■ GOAL OF THE EXERCISE
An exact copy of every record below is required, with the pictures left out.

::: MATERIAL PROVIDED

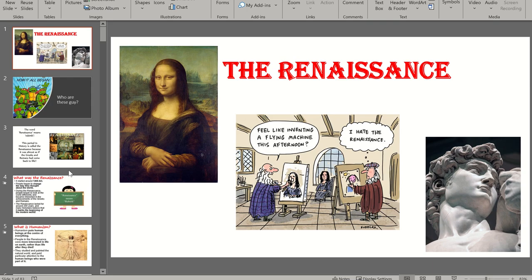Write the heading 'Renaissance' and then focus back on the video. The word renaissance means rebirth. This period in history is called the Renaissance because it was almost as if the Greeks and Romans had come back to life — it's a time of great change. It started around 1400 AD, so we're getting closer and closer to modern times. The Middle Ages had passed, and people began to change the way they thought about the world. The Renaissance marks the beginning of the modern world.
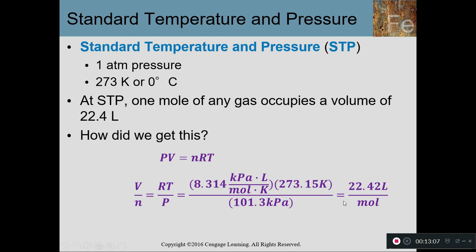We're now able to do this at any temperature and pressure — not just STP. We can calculate the volume-to-mole ratio under any conditions. So instead of memorizing just one number, we memorize one equation: PV = NRT. The ideal gas law lets us go between volume and number of molecules at any conditions.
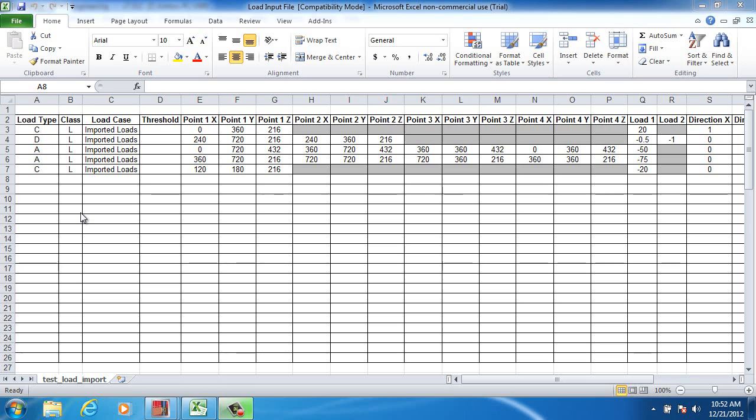That information can be configured into the spreadsheet and imported into the model. To keep things simple in this example, we only have one load case called imported loads. You can create as many load cases as you'd like and name them whatever you'd like.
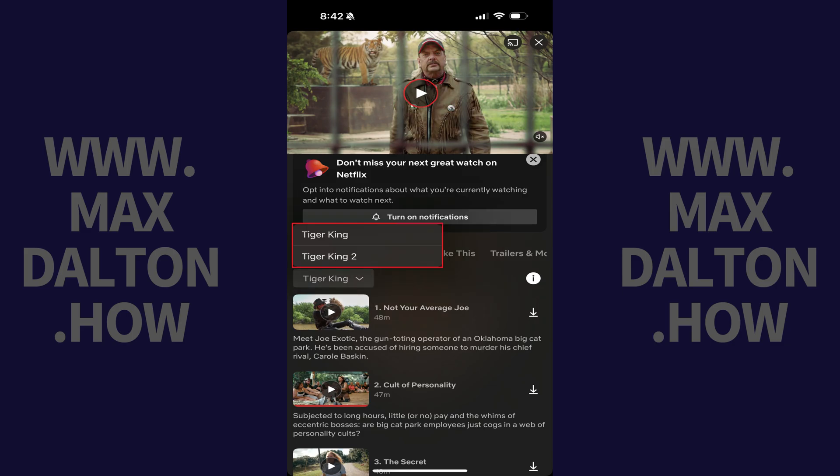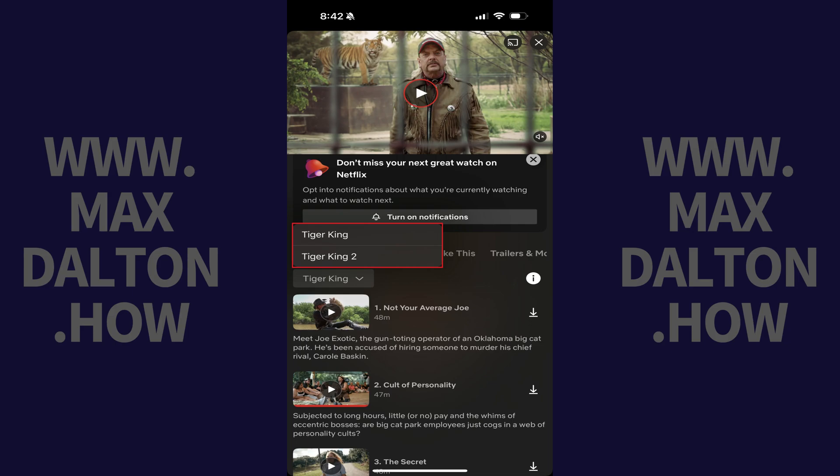A list of all of the seasons associated with this show is shown. Step 3. Tap to select the season that you want to download all of the episodes of.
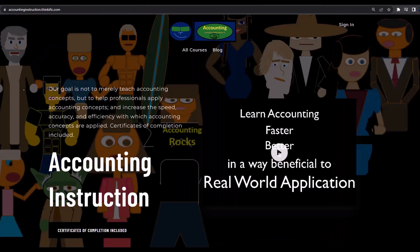If you would like a commercial-free experience, consider subscribing to our website at accountinginstruction.com or accountinginstruction.thinkific.com.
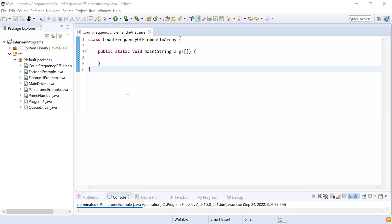Hi guys, welcome to Cloud Tech. In this video we are going to show you how to count the frequency of each element from an array. I'm also going to ask a question to the audience because I'm getting a compilation error in a code snippet, and the audience has to identify what the compilation error is and provide the answer. Let's start the video.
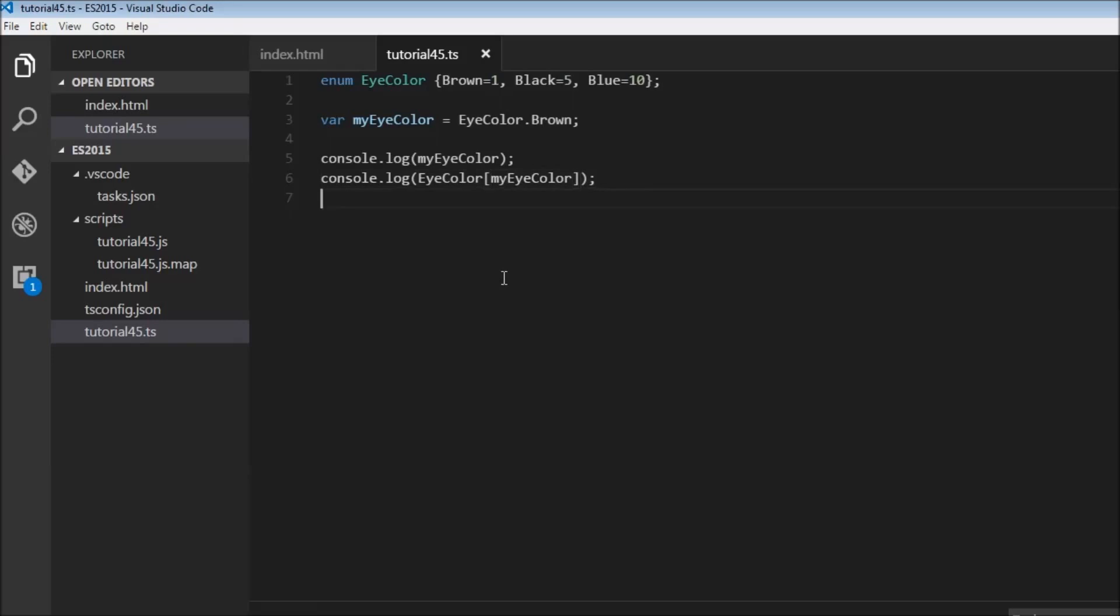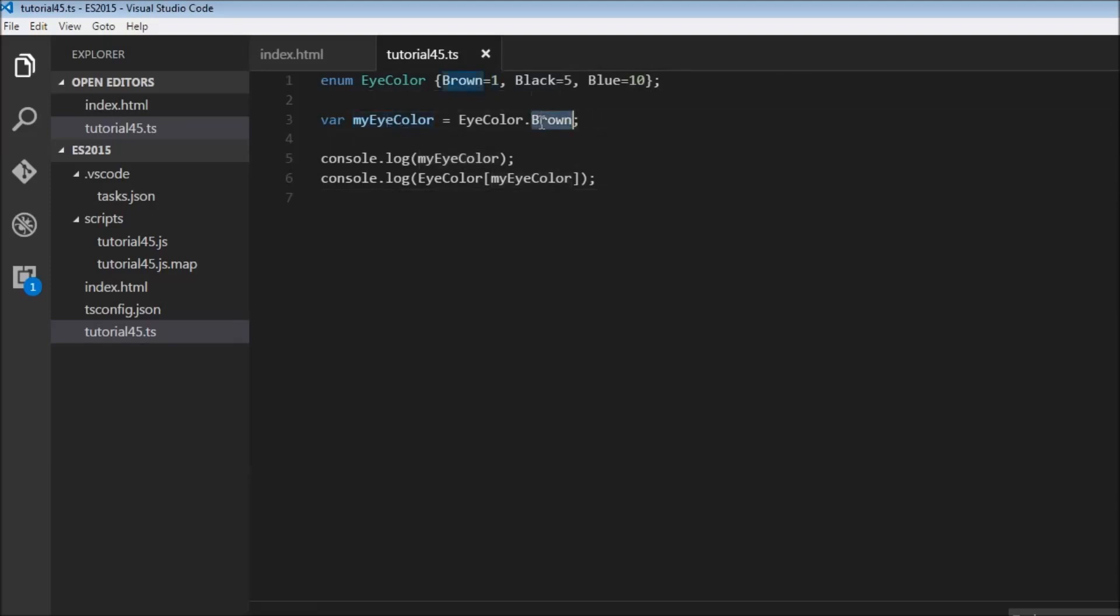That is it about the enum type. The enum type is used to create a custom type where we can specify a list of values that a variable can hold. The enum type basically allows us to have a user-friendly value for a particular numeric value. So 1 is brown, 5 is black, 10 is blue, and we can assign to variables this particular type.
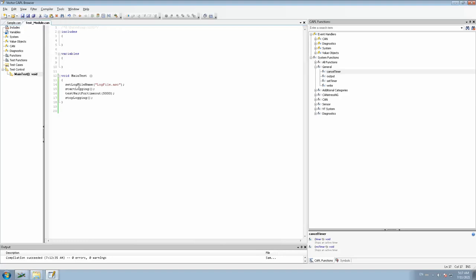I've saved the .can file. What this test module will do is: soon when you trigger this particular CAPL test module during Start Measurement, it will start executing the test sequences mentioned under the Main Test function. First it will set the log file name, then it will start the logging, then it will perform the test sequences, and when it reaches the StopLogging function it will stop the logging and save the file in your default configuration path.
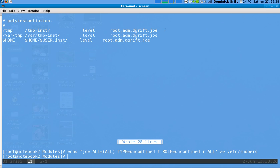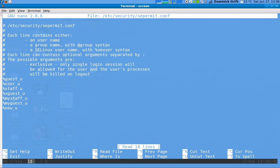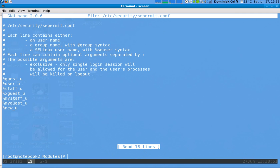In this example, I'm going to show you how PAM SE Permit works. I added a line for the new U SE Linux user in SE Permit, which means that if I put the system in permissive mode, new UU (aka Joe) should not be able to log in. So let's try this out.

::::::

■ RESULT FOR THIS TASK
Write the heading 'Renaissance' and then focus back on the video. The word renaissance means rebirth. This period in history is called the Renaissance because it was almost as if the Greeks and Romans had come back to life — it's a time of great change. It started around 1400 AD, so we're getting closer and closer to modern times. The Middle Ages had passed, and people began to change the way they thought about the world. The Renaissance marks the beginning of the modern world.
We're now able to do this at any temperature and pressure — not just STP. We can calculate the volume-to-mole ratio under any conditions. So instead of memorizing just one number, we memorize one equation: PV = NRT. The ideal gas law lets us go between volume and number of molecules at any conditions.
That information can be configured into the spreadsheet and imported into the model. To keep things simple in this example, we only have one load case called imported loads. You can create as many load cases as you'd like and name them whatever you'd like.
A list of all of the seasons associated with this show is shown. Step 3. Tap to select the season that you want to download all of the episodes of.
If you would like a commercial-free experience, consider subscribing to our website at accountinginstruction.com or accountinginstruction.thinkific.com.
Hi guys, welcome to Cloud Tech. In this video we are going to show you how to count the frequency of each element from an array. I'm also going to ask a question to the audience because I'm getting a compilation error in a code snippet, and the audience has to identify what the compilation error is and provide the answer. Let's start the video.
That is it about the enum type. The enum type is used to create a custom type where we can specify a list of values that a variable can hold. The enum type basically allows us to have a user-friendly value for a particular numeric value. So 1 is brown, 5 is black, 10 is blue, and we can assign to variables this particular type.
I've saved the .can file. What this test module will do is: soon when you trigger this particular CAPL test module during Start Measurement, it will start executing the test sequences mentioned under the Main Test function. First it will set the log file name, then it will start the logging, then it will perform the test sequences, and when it reaches the StopLogging function it will stop the logging and save the file in your default configuration path.
In this example, I'm going to show you how PAM SE Permit works. I added a line for the new U SE Linux user in SE Permit, which means that if I put the system in permissive mode, new UU (aka Joe) should not be able to log in. So let's try this out.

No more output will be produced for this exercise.